February 28th, 2023 | Updated on March 20th, 2023
For years, B2B vendors considered building websites and filling them with product descriptions and price pages sufficient digitization and kept all other interactions offline.
Although websites are a requisite in modern-day business, as a standalone tactic, they offer little in the way of customer interactions. This means a prospective buyer can visit a website, like what they see but move on to a competitor who offers active online support.
A Mckinsey’s research revealed that brands that have scaled up digital solutions enjoy up to eight times the growth (before interest and taxes) of peers that don’t. That figure is too substantial to overlook if you are a business seeking growth.
Let’s explore some of these digital solutions, shall we?
1. Automate Processes to Improve Customer Experiences
Slow responses have been an ongoing concern to B2B shoppers, especially when they consider the breezy experiences they enjoy in B2C shopping.

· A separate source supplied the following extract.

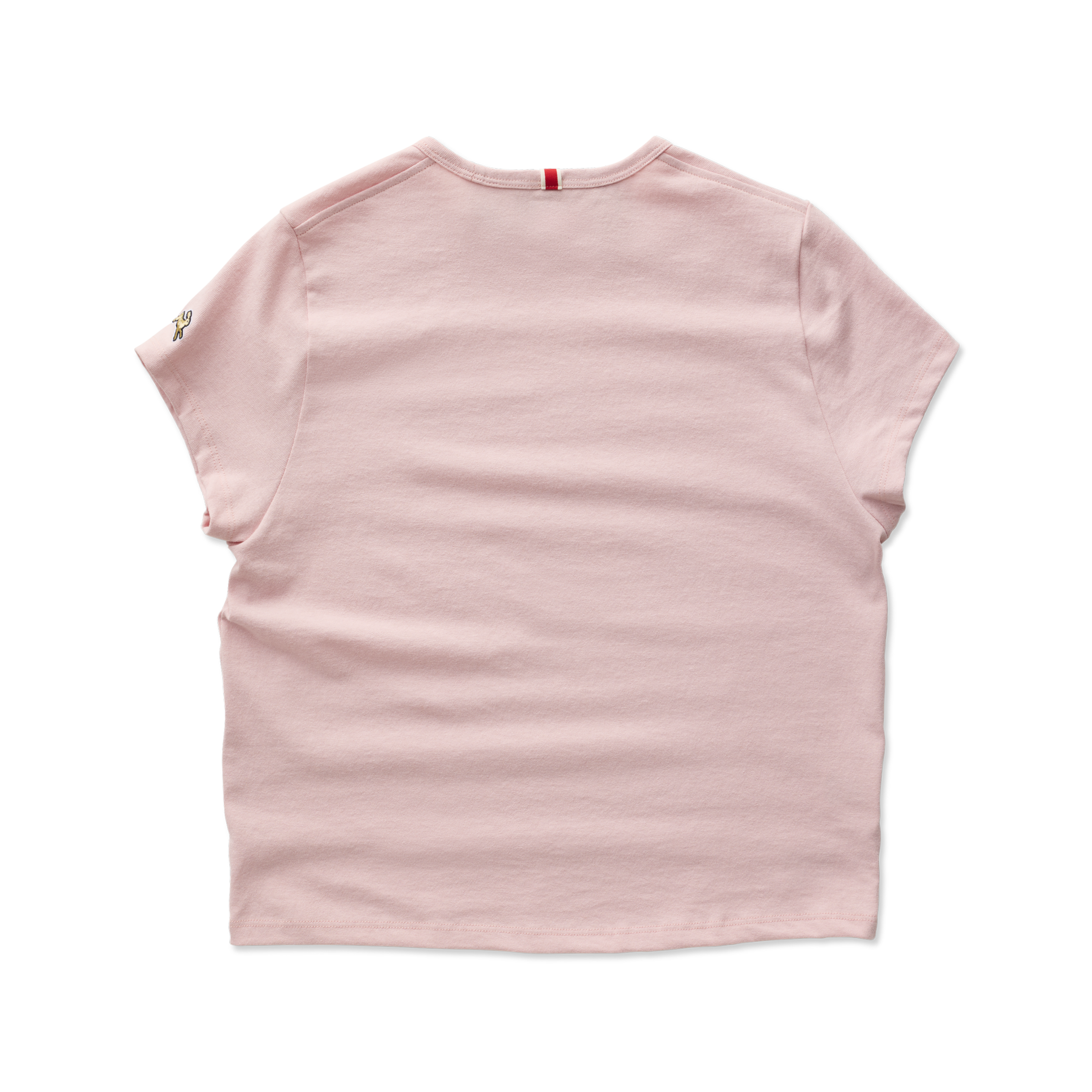 Women’s Grayboy Tee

They don’t want to have in-person meetings with sales teams when conducting simple or repeat purchases, but rather convenient, transparent, and speedy shopping experiences.
A Gartner report estimates that by the year 2025, up to 80 percent of sales interactions in the B2B space will happen digitally. You can, in part, handle this evolution of interaction preferences by automating your processes.
Some processes you can automate include order placement, customer support, invoice processing, CRM processes, account reconciliation, and social media management.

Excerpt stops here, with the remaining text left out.